Yo a veces miro a la bisabuela mientras habla: los ojos entornados, casi cerrados, las arrugadas manos de sus pequeños gestos, aquel rostro querido que me ha acompañado siempre con su sonrisa desde que nací. La miro y confieso que, aunque la quiero a rabiar y siempre la he considerado persona sensata, todo lo que nos cuenta me despierta bastantes sospechas. Desconfío de ella y no quiero, pero la idea de que sean todo invenciones me inquieta.
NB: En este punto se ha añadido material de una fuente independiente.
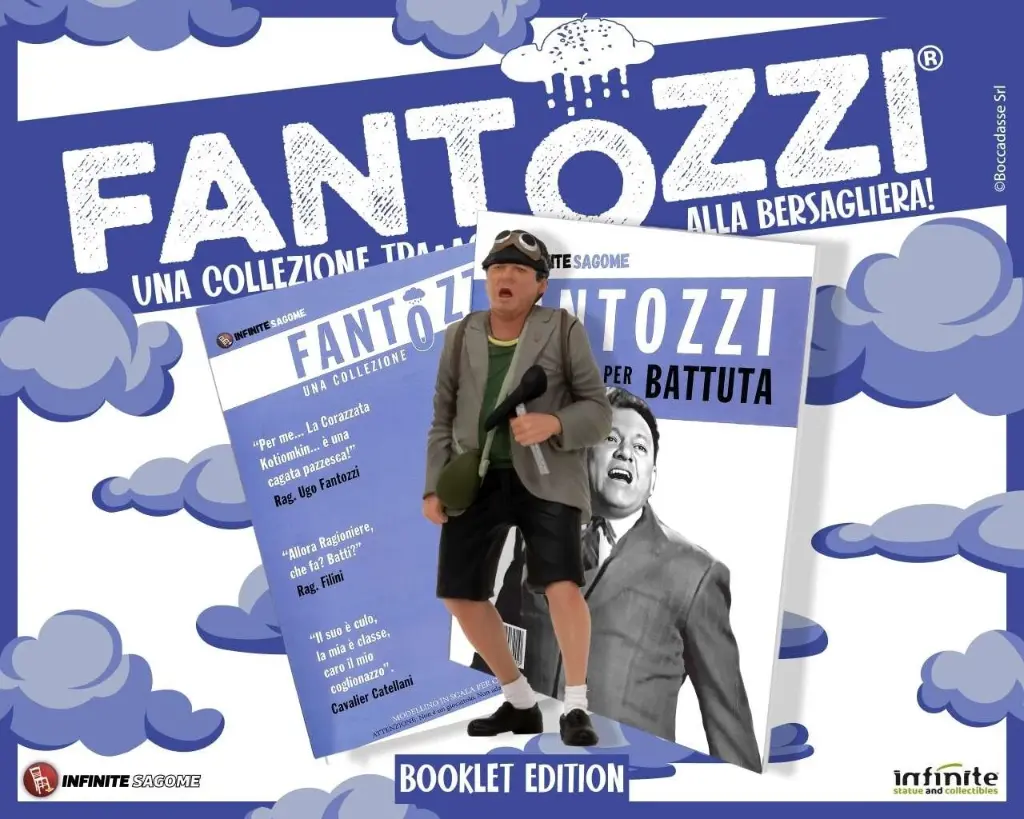 Fantozzi At the Bersagliera 1 - Figure (3).webp
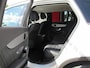 Mercedes-Benz GLC 250 4MATIC Prestige| 1e eig.| | Clima-Airco | Parkeercamera | Stoelverwarming | Lederen Bekleding | Navigatie | Bluetooth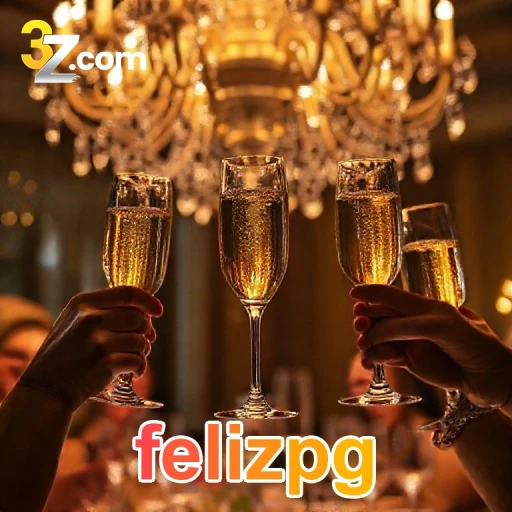 felizpg Jogos de caça-níqueis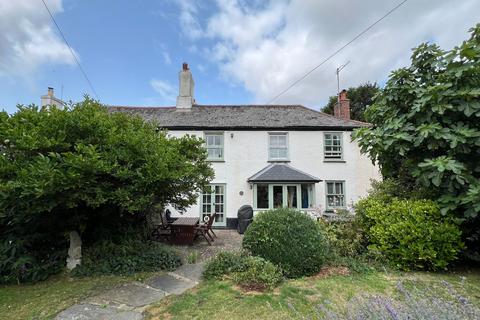 undefined, Frogmore, Kingsbridge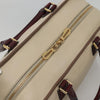 Loewe Amazona Bag Leather
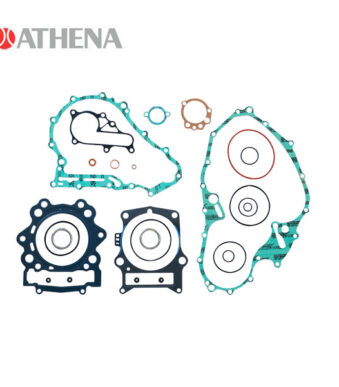 kit-de-juntas-completo-athena-yfm-700-raptor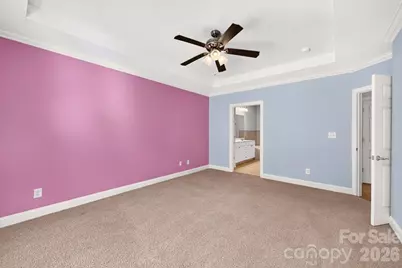 343 Liverpool Road, Rock Hill, SC 29730 - Photo 22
Cuando ya estoy en la cama, cuando toda la ciudad está en la cama y sólo el pequeño rayo de luna se cuela por la ventana, comienzan a desfilar mis dudas: ... pero, ¿qué sería eso de una bicicleta?, ¿y una biblioteca?... ¿Cómo la policía les permitiría correr por las calles, gritar, saltar, o, lo que era más grave, reunirse en grupos nada menos que “para hablar”?... Y sobre todo, lo que más me intriga, lo que más me quita el sueño: ¿qué significará, que será “Libertad” que la bisabuela la nombra una y otra vez tras un suspiro?


(Valencia, Febrero del 2012)

"Desterrada la justícia que és vincle de les societats humanes, mor també la llibertat..." (Lluís Vives, 1492-1540).